Boston has also outscored opponents 20-11 in the third period, and it has shut out opponents in the third period in 15 of their 20 games this season.
If the Leafs does not play well defensively in the final 20 minutes of regulation on Thursday night, it's very unlikely that they will leave TD Garden with two points.
The Leafs are 9-3 this season when they score a power-play goal. Since the Bruins are so good at even strength, Toronto must take advantage of its power-play opportunities if it is going to beat Boston.
The Leafs have scored on just three of their last 20 power-play opportunities against the Bruins, so this is one area that Toronto has to improve in to defeat a team like Boston.

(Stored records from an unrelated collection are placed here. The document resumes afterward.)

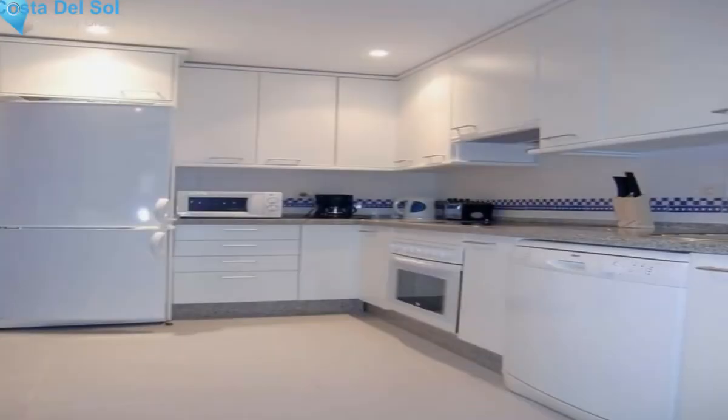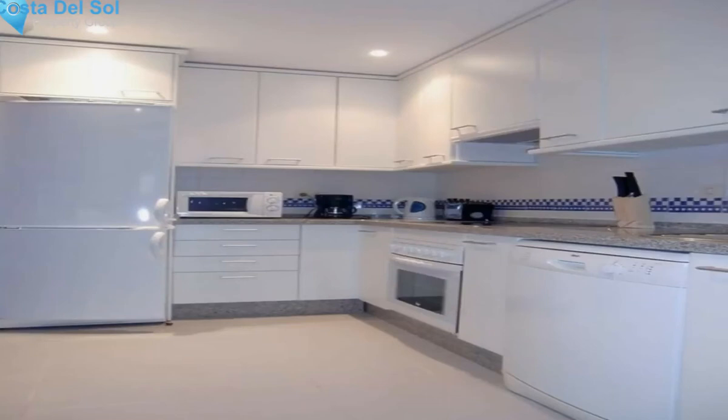marble floors, underfloor heating in bathrooms, fully fitted kitchen, laundry room, garage space, storage, and it overlooks the communal gardens.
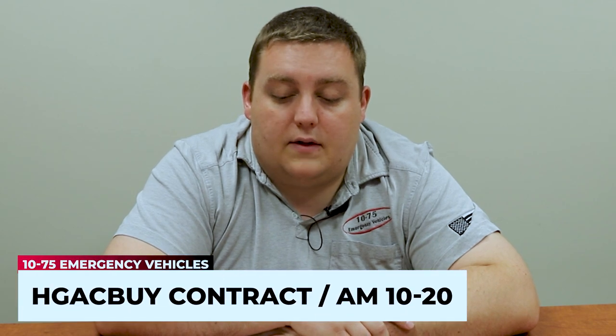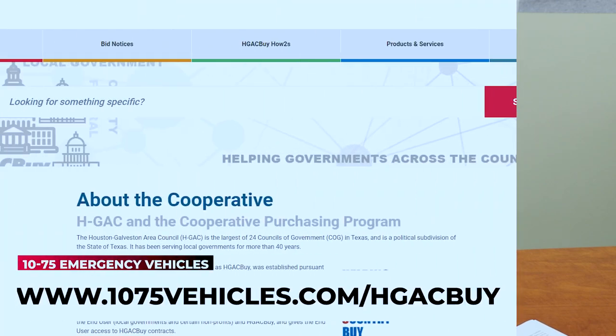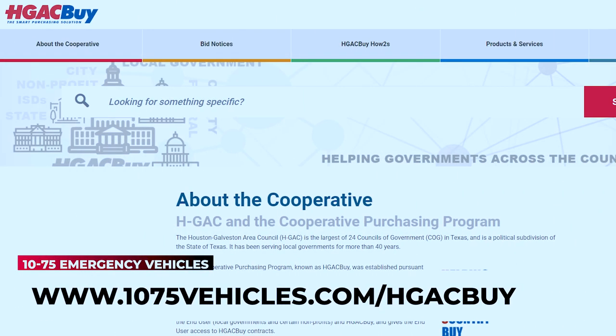How you doing? It's Ryan with 1075 Emergency Vehicles. What we're coming to you today with is some great news — we're proud to announce that we've been awarded the HGAC buy contract under the AIM 10-20. HGAC is a government procurement service that helps agencies purchase vehicles seamlessly and provide cost savings to them.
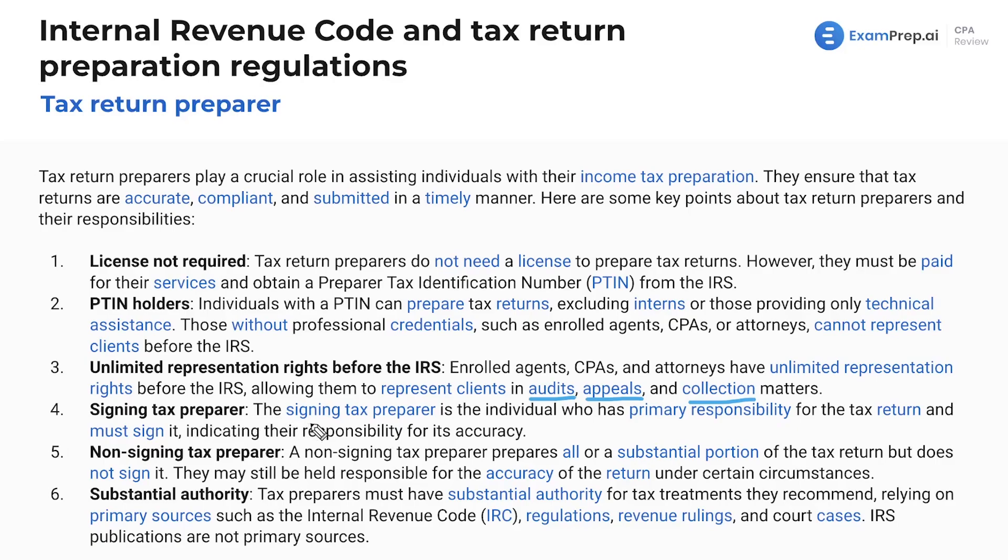The signing tax preparer is the individual who has the primary responsibility for the tax return and must sign it, indicating their responsibility for its accuracy. You might have a team of 30 people working on one tax return, but at the end of it there's just one signature — either for the opinion on an audit or for the tax return. So there is going to be one person who ends up signing it.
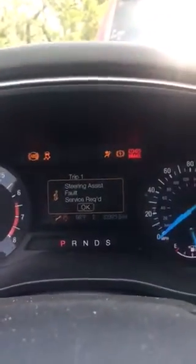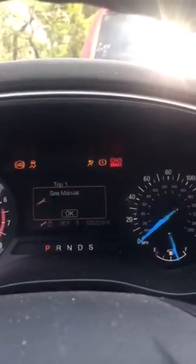One of them is a parking brake malfunction. If I try to use my parking brake, it doesn't really change.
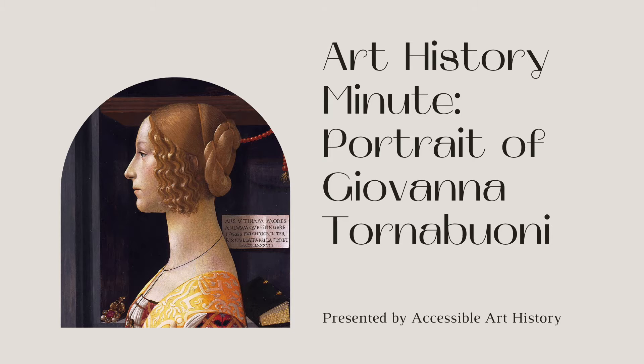This work is a memorial piece showing a noble woman named Giovanna Tornabuoni. It hangs in the Thyssen-Bornemisza Museum in Spain.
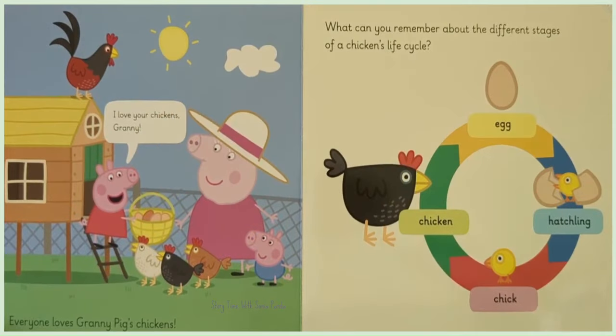I love chickens, Granny. Everyone loves Granny Pig's chickens. What can you remember about the different stages of a chicken's life cycle?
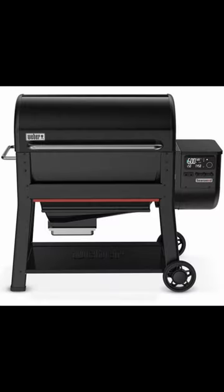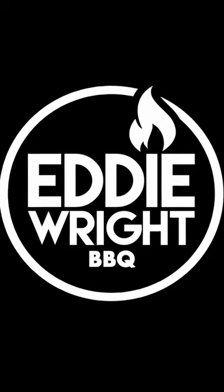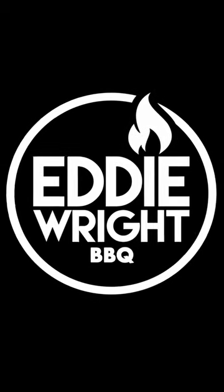And the results — in our opinion, the Weber Searwood gives you more bang for the buck, coming in at $800 less than the Traeger Ironwood. This has been your BBQ Minute, my name is Eddie Wright, and tune in for more next time.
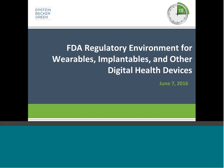Welcome to Epstein-Becker-Green's webinar, The FDA Regulatory Environment for Wearables, Implantables, and Other Digital Health Devices — the first installment of our wearables crash course webinar series. We are pleased to have Epstein-Becker-Green's Bonnie Scott, Associate in the Healthcare and Life Sciences Practice, presenting today's webinar.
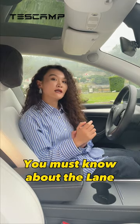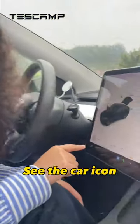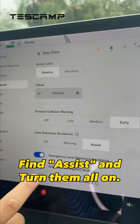Hey guys, I'm Lexi. If you have a Tesla, you must know about the Lane Departure Warning System. It could actually save your life. See the car icon? Click it. Find Autopilots. Scroll all the way down. Find Assist. And turn them all on.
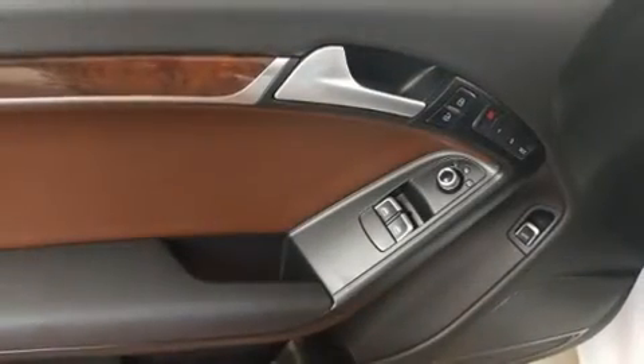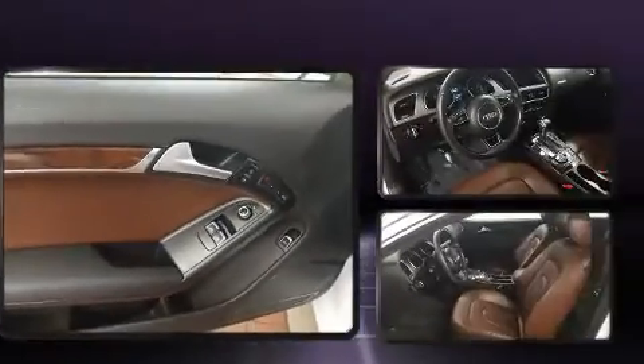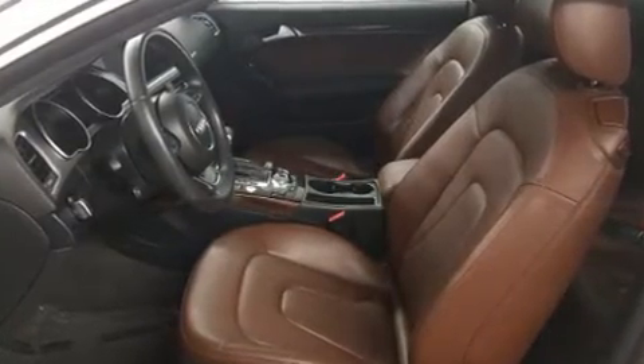All of the premium features expected of an Audi are offered, including front and rear reading lights, a built-in garage door transmitter, power moonroof, heated door mirrors, and leather upholstery.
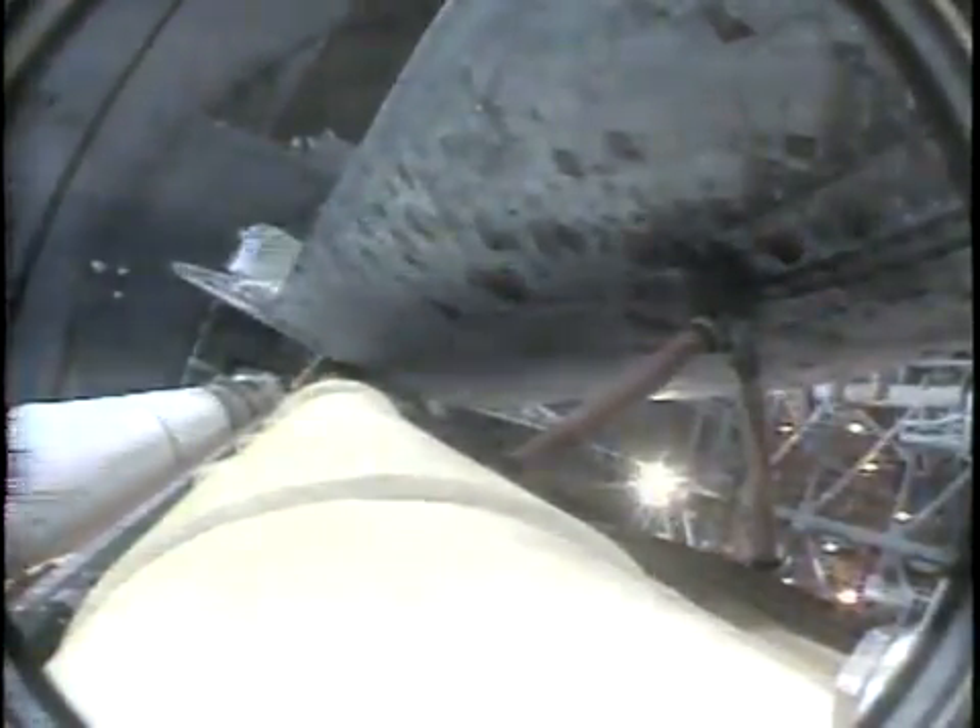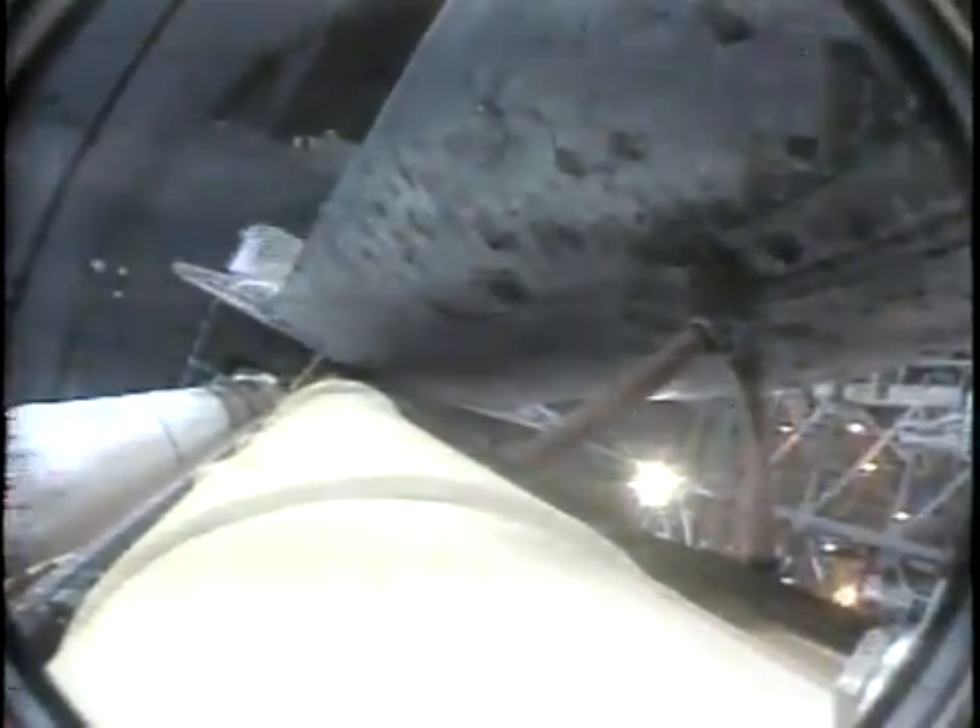And we have a go for auto sequence start. Discovery's on-board computers have primary control of all the vehicle's critical functions. 15... 12... 10... 6... 5... 4... 3... 2... 1.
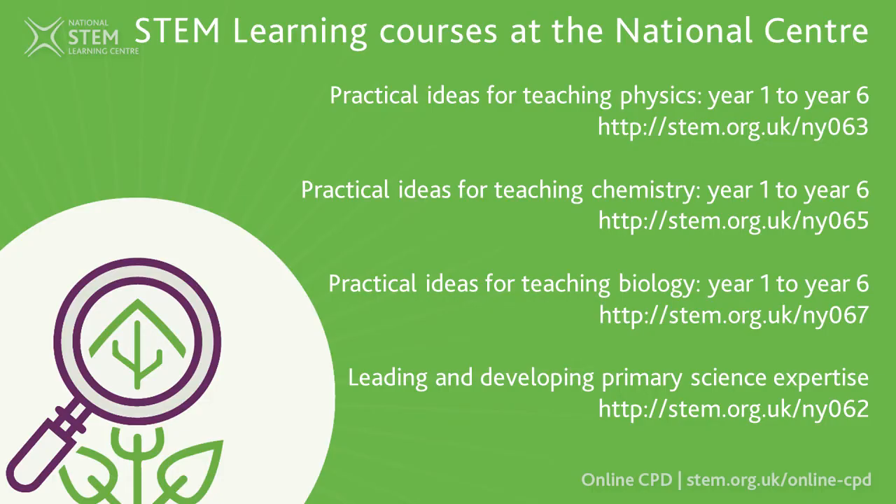Other places you can go for further training is to come on some of the STEM learning face-to-face residential courses we run from our national centre. There are a couple that look specifically at subject knowledge. Like the FutureLearn ones, we've broken them into chemistry, physics, and biology. There's also a general one where we're looking at science leaders and how they can develop their own subject knowledge and then impart that onto their staff and children.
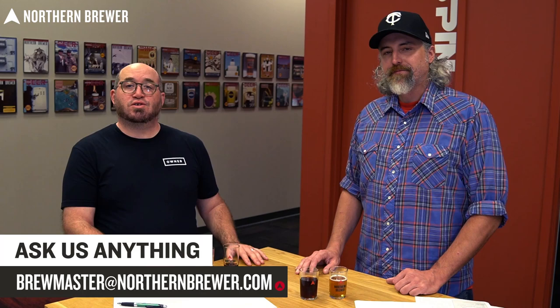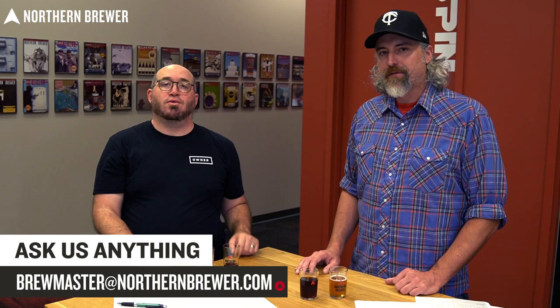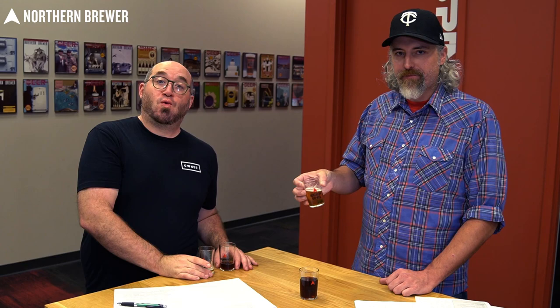Brew now, enjoy later. If you have any questions about that kind of brewing and aging, hit up brewmaster@northernbrewer.com and you might even hear from Brad. I appreciate it — I've drunk mine faster because you did all the talking. Cheers! Both kits available in extract and all grain at northernbrewer.com. Age them up!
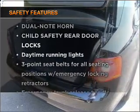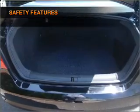And for your peace of mind, the following safety equipment is included: stability control and daytime running lights.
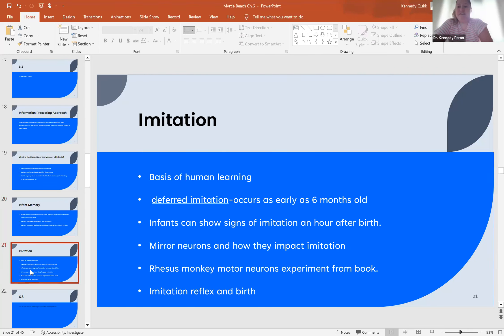Next, we're going to talk about the imitation abilities of infants. Imitation is a basic form of human learning — if we're able to imitate those around us, we're able to learn from them. There's something called deferred imitation, which occurs typically at six months of age. For example, if I clapped my hands a baby might clap theirs, or if I waved at a baby and said hi using a higher-pitched voice, they might wave back.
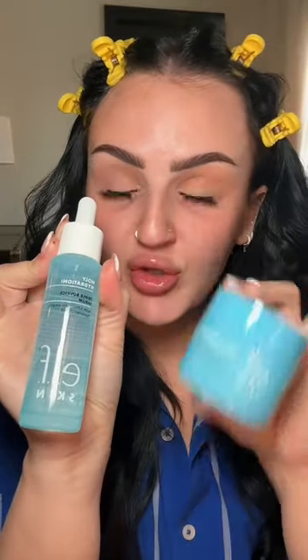Good for oily or dry skin, this is the elf Holy Hydration Triple Bounce Serum — specifically the gel version. There are two versions; get the gel. What's the difference between a serum and a moisturizer? A serum is going to penetrate deep into your skin, while a moisturizer mainly sits on top of the skin for the surface.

Toronto's power play ranks 13th in the league, and the Leafs have scored with the man-advantage in each of the last two games.
The Bruins' penalty kill is the best in the NHL at 91.6 percent, but they have allowed four power-play goals over their last four games, which is more than they gave up in their previous 16 games combined.
Special teams will be a major factor in the outcome of this game.
Phil Kessel has not played well against the Bruins since they traded him to the Leafs before the 2009-10 season.
The two first-round picks he was traded for became Tyler Seguin and Dougie Hamilton, who appear to be two franchise players for Boston to build around over the next decade.
Every times Kessel comes to TD Garden, he is greeted with "Thank You Kessel " chants from Bruins fans, and he will certainly hear those again on Thursday.
For the Leafs to defeat the Bruins and end their losing streak against Boston, they need Kessel to have a great performance and contribute offensively. He enters Thursday's matchup with goals in back-to-back games and five points (three goals, two assists) over the last five games.
He has scored just three goals with six assists and a plus/minus of minus-11 in 19 career games versus the Bruins. None of those goals were scored at even strength, and Kessel had zero points in three games at TD Garden last season.
A big game from Kessel would give the Leafs a strong chance to earn two important points in the standings and also help him build some much-needed confidence for the final two months of the season.